Während eines Protestmarsches von Bauern im benachbarten NOIDA für höhere Entschädigungen für verkauftes Land werden im August 2008 mehrere Demonstranten erschossen. Die Proteste stehen im Zusammenhang des vergangenen Booms und der aktuellen Krise des lokalen Immobiliensektors: steigende Zinssätze, Einbruch der US-Wirtschaft, steigende Preise für Baumaterial. Einer der Hauptanziehungssektoren für ausländische Finanzflüsse ist blockiert. Die steigende Inflation und die steigende Unruhe bei der verarmten urbanen Bevölkerung schafft zusätzlichen Druck. Der Staat weiss, dass es zu Funkenflug, auslösenden Momenten, Kettenreaktionen kommen kann – und sei es durch Bauernproteste in metropolitanen Satellitenstädten.

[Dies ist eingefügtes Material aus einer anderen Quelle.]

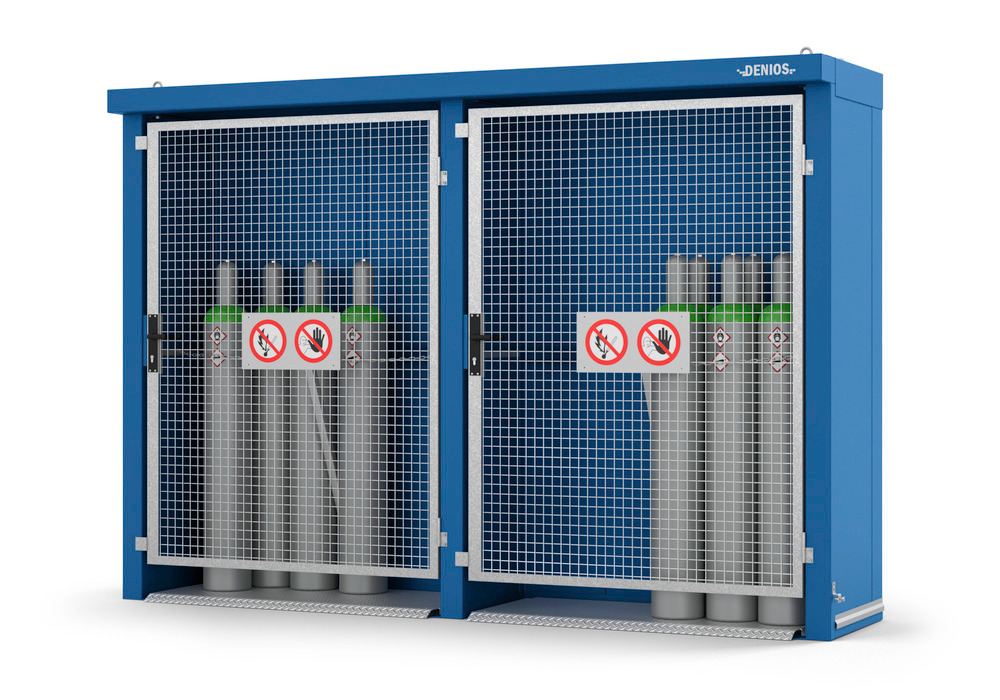 Local pour bouteilles de gaz GF 33.9, pour jusqu’à 24 bouteilles de 50 litres, deux compartiments - 2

*** Ein kurzer Blick auf die Situation des Call Center Sektors in Gurgaon

Im August 2008 verkünden die Zeitungen Massenentlassungen in einer von Indiens Hauptstädten für IT und Call Center Industrie. In Gurgaon arbeiten mehr als 150.000 ArbeiterInnen unter dem Head-Set, telefonieren hauptsächlich für den US-Markt. Dieser kriselt und wirft Schatten und Entlassungswellen über den Ozean. Einige Zusammenfassungen: Unternehmensverbände gründen Schwarze Listen, um hohe Arbeitskräftefluktuationen zu verhindern; Call Center Taxis töten jeden Monat Dutzende auf Gurgaon-Delhis Straßen, die Fahrer müssen schneller und länger fahren, um die Kosten zu senken; Gender und Call Center und wie eine neue Kaste entsteht.

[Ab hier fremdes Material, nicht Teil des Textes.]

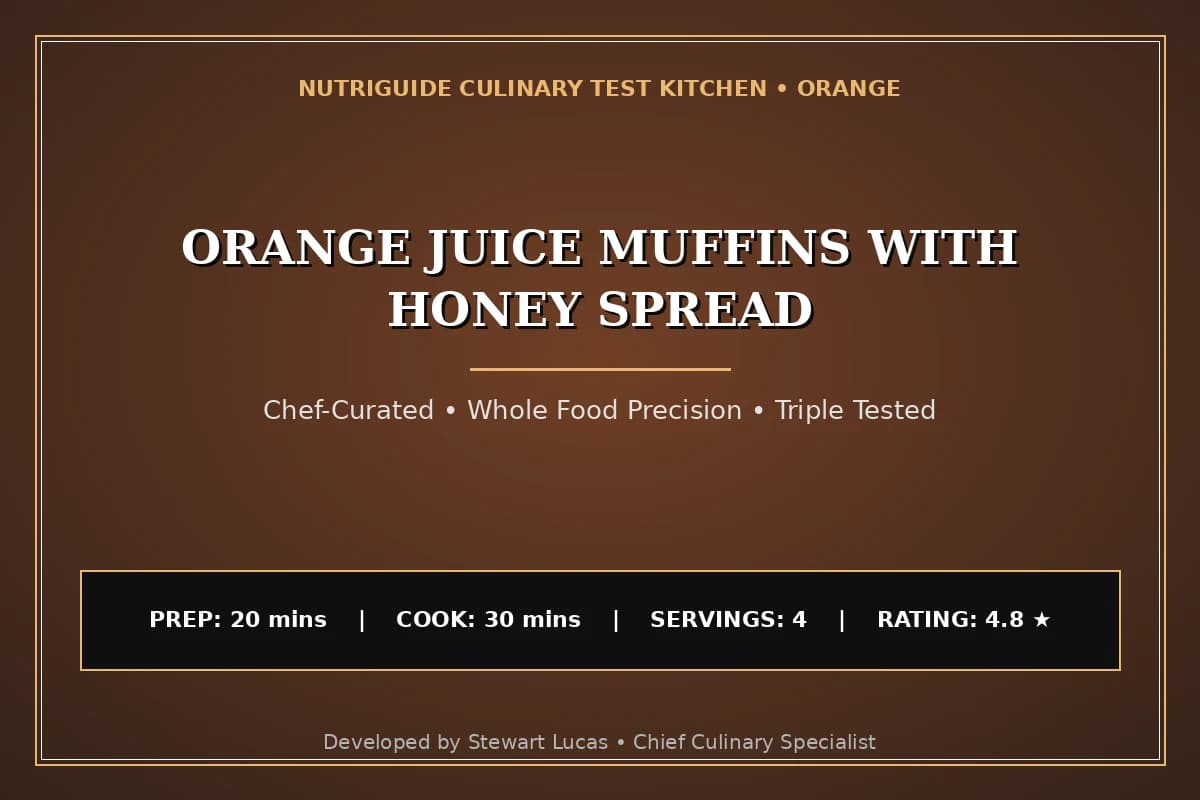 Orange Juice Muffins With Honey Spread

*** Lokale Energiekrise und Destruktivkräfte

Maschinen müssen 24 Stunden durchlaufen, nicht zu machen bei häufigen Zusammenbrüchen des lokalen Stromnetzes. Suzukis Autofabrik hat ein eigenes Kraftwerk, alle Fabriken eigene Dieselgeneratoren. Im Industriegürtel um Delhi werden jedes Jahr 350.000.000 Liter Diesel in Stromgeneratoren der Industrie verbrannt, die steigenden Dieselpreise treffen hart, die Treibstoffkosten belaufen sich auf den Jahreslohn von 430.000 ArbeiterInnen, rund 14.000.000.000 Rupies. Dazu kommen die Generatoren der Shopping Malls, Büros, Wohnanlagen. Nur gut, dass die Gesellschaft für technische Zusammenarbeit (GTZ) ihre Zentrale für Carbon Trade in Gurgaon eröffnet hat: damit RWE in Deutschland dank grüner Aktien aus Indien mehr CO2 erzeugen darf.